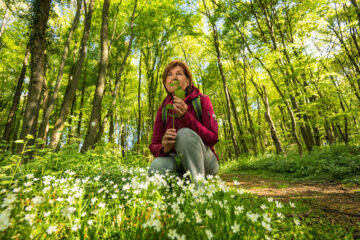 Lächelnde Frau hockt an einem Waldweg und riecht an einer Blüte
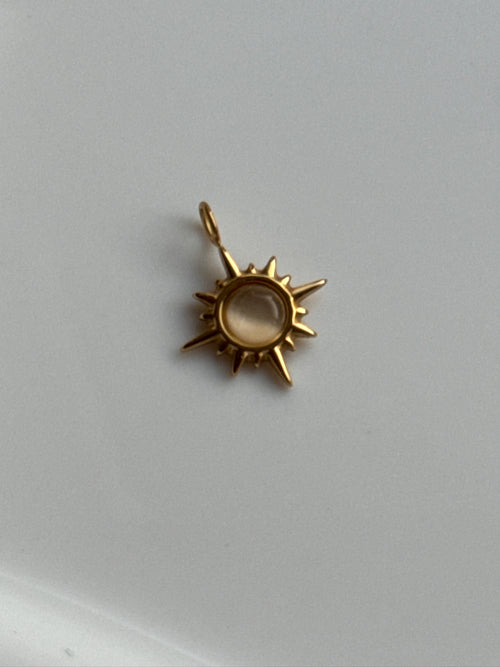 Cat Eye Sunburst Charm.
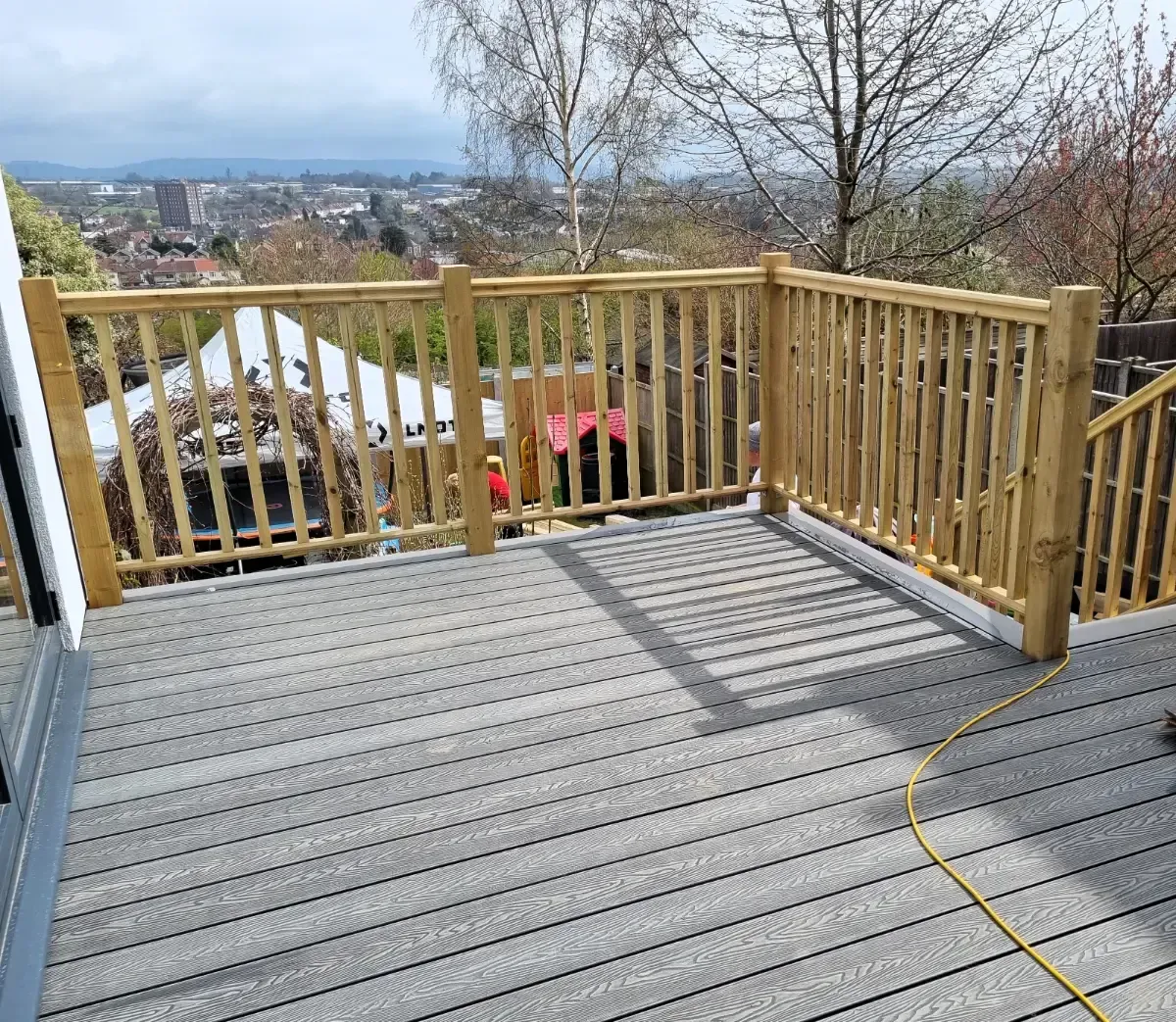Wooden deck with railing overlooking a distant hillside town on a clear day.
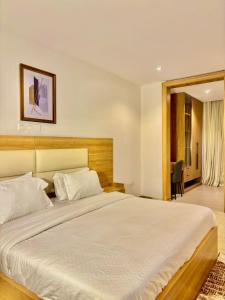 a bedroom with a large white bed in a room at Residence 541 Apartments and Suites in Abuja +72 photos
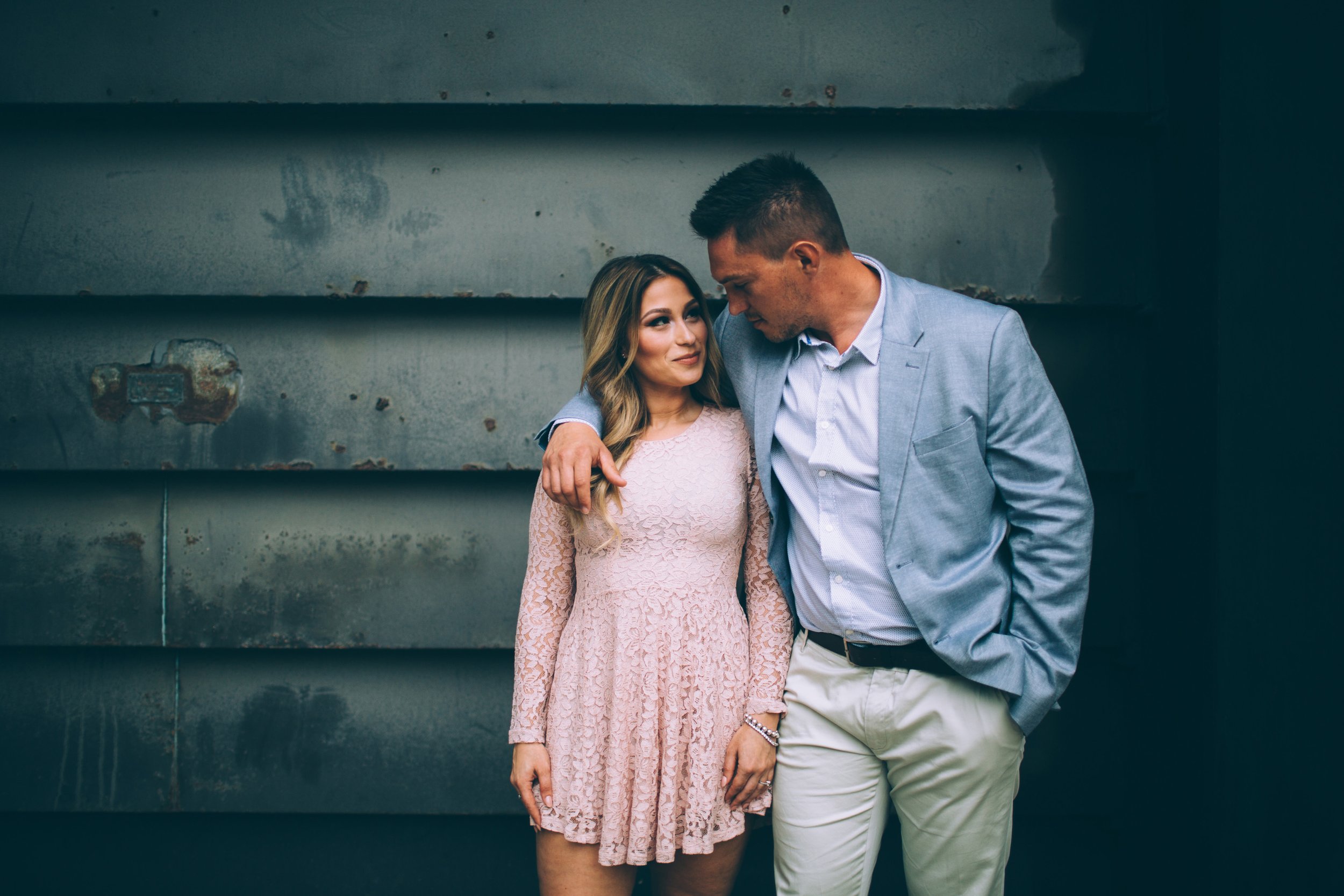 A couple embracing in front of a weathered urban wall, creating a romantic and edgy vibe.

****

#### WHAT YOU WILL DO:
Omit every picture while printing the data word for word.

#### EXPECTED OUTPUT:
 Lächelnde Frau hockt an einem Waldweg und riecht an einer Blüte
 Cat Eye Sunburst Charm.
Wooden deck with railing overlooking a distant hillside town on a clear day.
 a bedroom with a large white bed in a room at Residence 541 Apartments and Suites in Abuja +72 photos
 A couple embracing in front of a weathered urban wall, creating a romantic and edgy vibe.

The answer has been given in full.